Hypersensitivity reactions, including anaphylaxis, have been reported with Lactated Ringer's Injection, USP (see ADVERSE REACTIONS). Stop the infusion immediately if signs or symptoms of a hypersensitivity reaction develop. Appropriate therapeutic countermeasures must be instituted as clinically indicated.
Lactated Ringer's Injection, USP may cause hyponatremia. Hyponatremia can lead to acute hyponatremic encephalopathy characterized by headache, nausea, seizures, lethargy and vomiting. Patients with brain edema are at particular risk of severe, irreversible and life-threatening brain injury.
The risk of hospital acquired hyponatremia is increased in patients with cardiac or pulmonary failure, and in patients with non-osmotic vasopressin release (including SIADH) treated with high volume of Lactated Ringer's Injection, USP.
The risk for hyponatremia is increased in pediatric patients, elderly patients, postoperative patients, those with psychogenic polydipsia, and in patients treated with medications that increase the risk of hyponatremia (such as diuretics, certain antiepileptic and psychotropic medications). See PRECAUTIONS, Drug Interactions and Pediatric Use.
Patients at increased risk for developing complications of hyponatremia such as hyponatremic encephalopathy, include pediatric patients, women (in particular, premenopausal women), patients with hypoxemia, and patients with underlying central nervous system disease. Avoid Lactated Ringer's Injection, USP in patients with or at risk for hyponatremia. If use cannot be avoided, monitor serum sodium concentrations.
Rapid correction of hyponatremia is potentially dangerous with risk of serious neurologic complications. Brain adaptations reducing risk of cerebral edema make the brain vulnerable to injury when chronic hyponatremia is too rapidly corrected, which is known as osmotic demyelination syndrome (ODS). To avoid complications, monitor serum sodium and chloride concentrations, fluid status, acid-base balance, and signs of neurologic complications.
Fluid Overload
Depending on the volume and the rate of infusion, the intravenous administration of Lactated Ringer's Injection, USP can cause electrolyte disturbances such as overhydration and congested states, including pulmonary congestion and edema.
Avoid Lactated Ringer's Injection, USP in patients with or at risk for fluid and/or solute overloading. If use cannot be avoided, monitor fluid balance, electrolyte concentrations and acid base balance, as needed and especially during prolonged use.
Hyperkalemia
Potassium-containing solutions, including Lactated Ringer's Injection, USP, may increase the risk of hyperkalemia.
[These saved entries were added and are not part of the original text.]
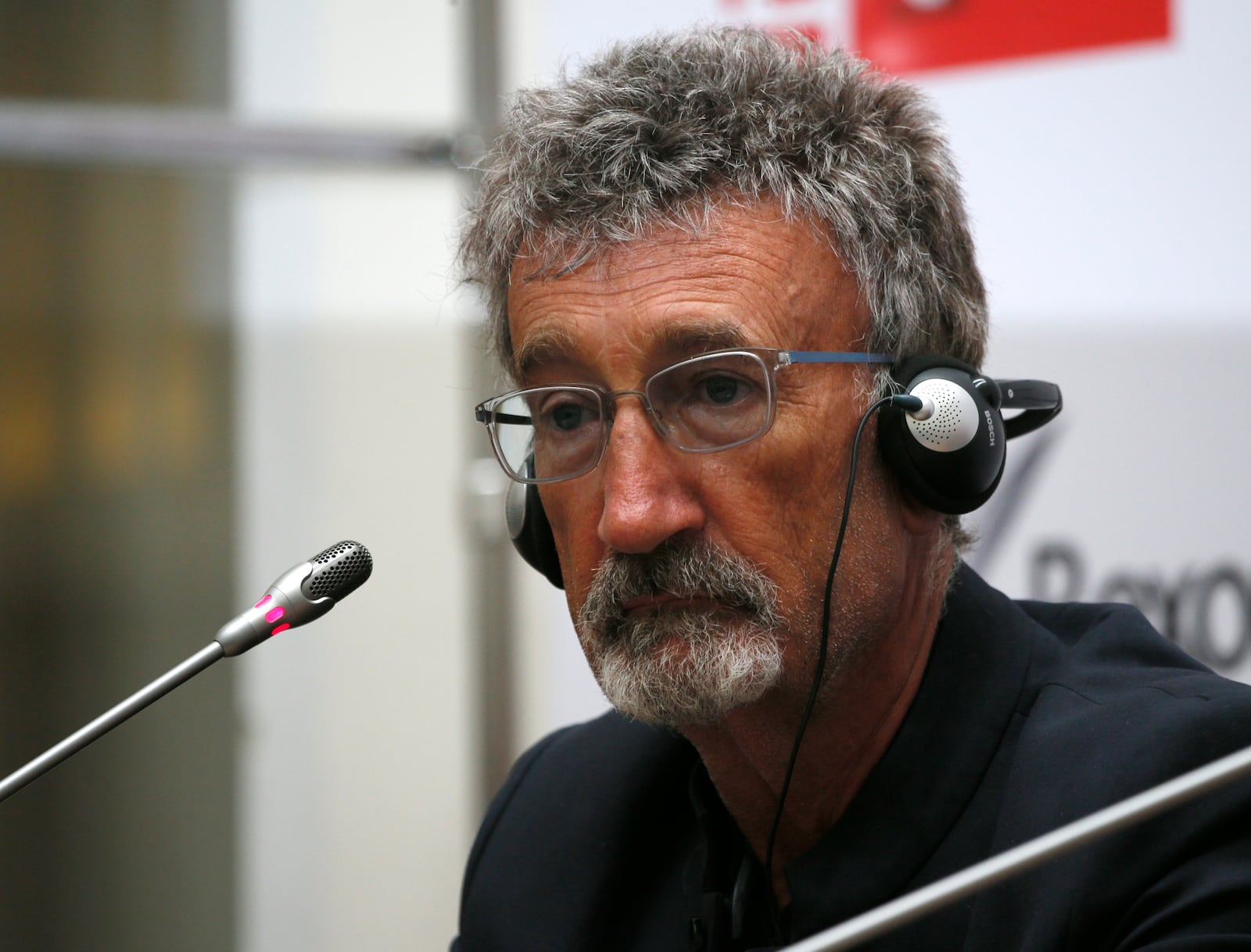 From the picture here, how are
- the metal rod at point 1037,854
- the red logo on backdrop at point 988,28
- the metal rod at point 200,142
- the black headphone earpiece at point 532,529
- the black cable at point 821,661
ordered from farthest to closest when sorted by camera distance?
the metal rod at point 200,142, the red logo on backdrop at point 988,28, the black headphone earpiece at point 532,529, the black cable at point 821,661, the metal rod at point 1037,854

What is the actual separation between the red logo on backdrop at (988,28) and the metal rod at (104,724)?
1556 millimetres

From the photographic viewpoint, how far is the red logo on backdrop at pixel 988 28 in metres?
2.20

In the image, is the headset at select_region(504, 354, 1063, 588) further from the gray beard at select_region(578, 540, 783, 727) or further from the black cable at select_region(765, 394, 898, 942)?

Patients at increased risk of developing hyperkalemia include those:
Avoid use of Lactated Ringer's Injection, USP in patients with, or at risk for, hyperkalemia. If use cannot be avoided, monitor serum potassium concentrations.
Alkalosis
Because lactate is metabolized to bicarbonate, administration of Lactated Ringer's Injection, USP may result in, or worsen, metabolic alkalosis. Avoid intravenous administration of Lactated Ringer's Injection, USP in patients with alkalosis or at risk for alkalosis.